The next “a-hah!” moment for me in understanding geophysics came in 1965 with a paper by J. Tuzo Wilson, “A new class of faults and their bearing on continental drift.” At the time it seemed a light had gone off in my head, even though by then I was deeply enmeshed in ice fog studies.

The red lines are spreading centers; the blue line is a transform fault which has its origin in the offset between portions of the spreading center. The part of the transform fault between the offset segments is active; the plates are sliding past each other. The parts to either side are "fossil"--although the offsets are still visible, there is no movement.

Up to that point, it was assumed that if a feature—such as a stream, a mountain range, or a magnetic stripe—was displaced by a fault, it was evidence that they had once been continuous, and movement along the fault had separated them. This paper suggested the existence of a new kind of fault, now called a transform fault, where the apparent displacement was due to an offset in a spreading center. Spreading centers were themselves new, though grabens (places where the crust on either side was moving apart, resulting in a downdropped block in the middle) had previously been recognized.
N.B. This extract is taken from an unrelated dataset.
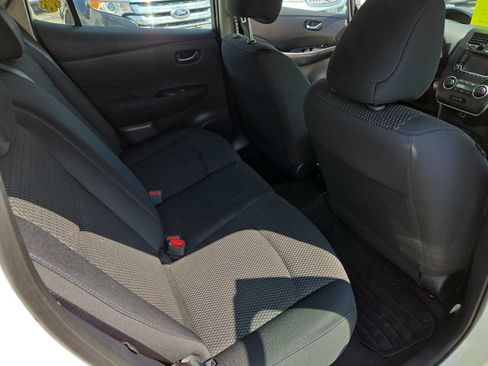 Used 2017 Nissan Leaf S w/ Charge Package image 28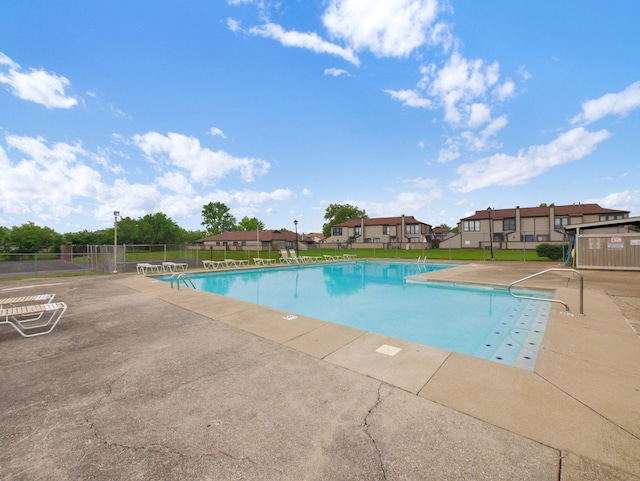 865 Westbury Ln S Unit 12B, Columbus, OH 43228 - community pool with a patio area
Suddenly the apparent faults in the Pacific Ocean floor, faults that stopped at the coast, made sense. The rocks on either side of the transform fault did not move relative to each other. The only motion was between the offsets on the spreading center.
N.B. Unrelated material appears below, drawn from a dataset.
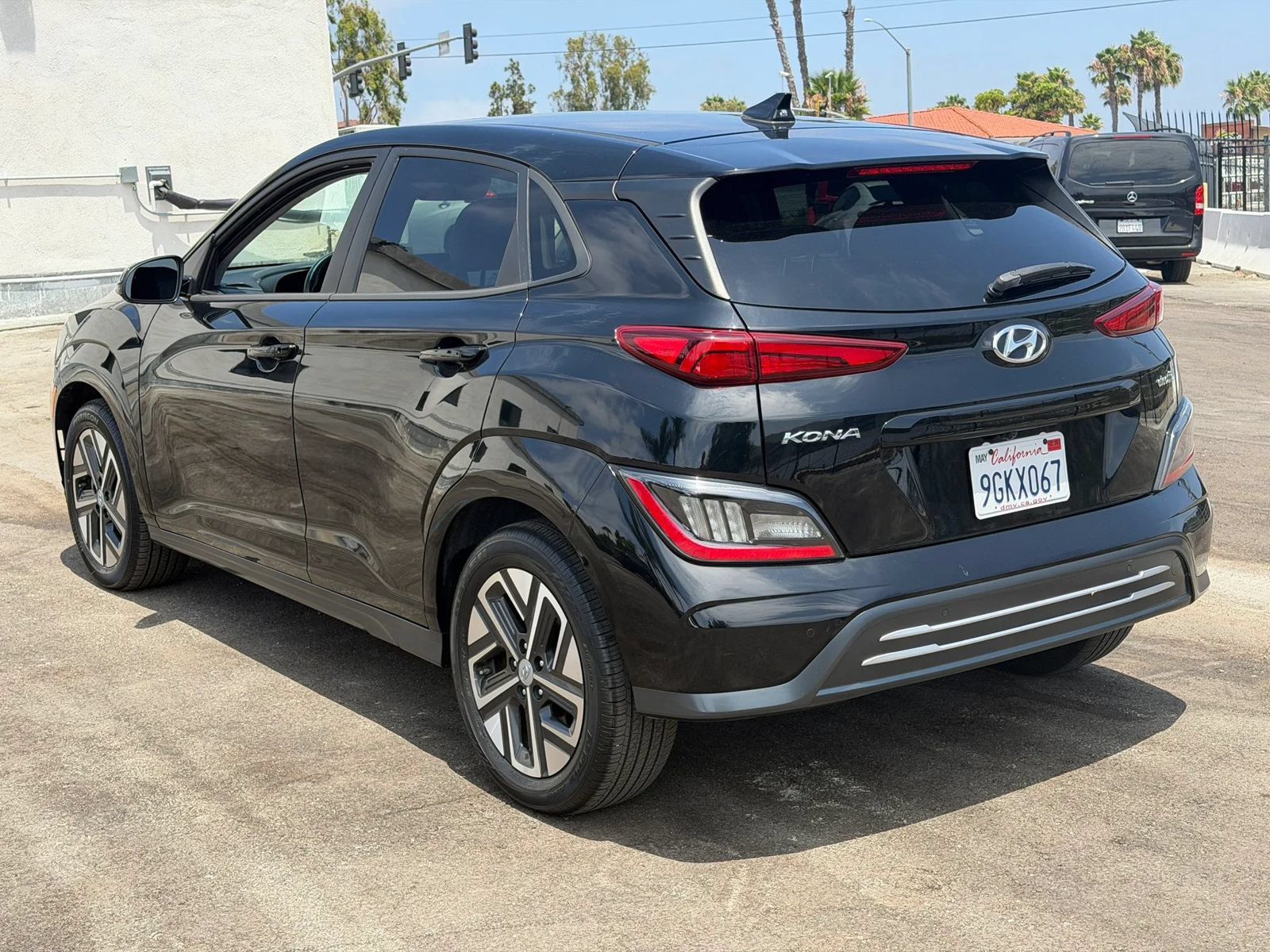 Used 2023 Hyundai Kona Limited FWD image 7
We now know that plates are bounded by three kinds of faults:

Spreading centers, where plates move apart,

Converging boundaries, where plates collide,

Transform boundaries, which often connect the two, and allow plates to slide past each other.

The familiar faults such as the San Andreas are the active portions of transform faults, but the offset magnetic stripes in the Pacific are generally the “fossil” parts of transform faults. Looked at this way, the “end” of an active fault makes sense: it is where the transform fault joins another type of fault to make part of a plate boundary.

The full plate tectonics hypothesis had not yet been fully formulated, but the essential pieces had been found.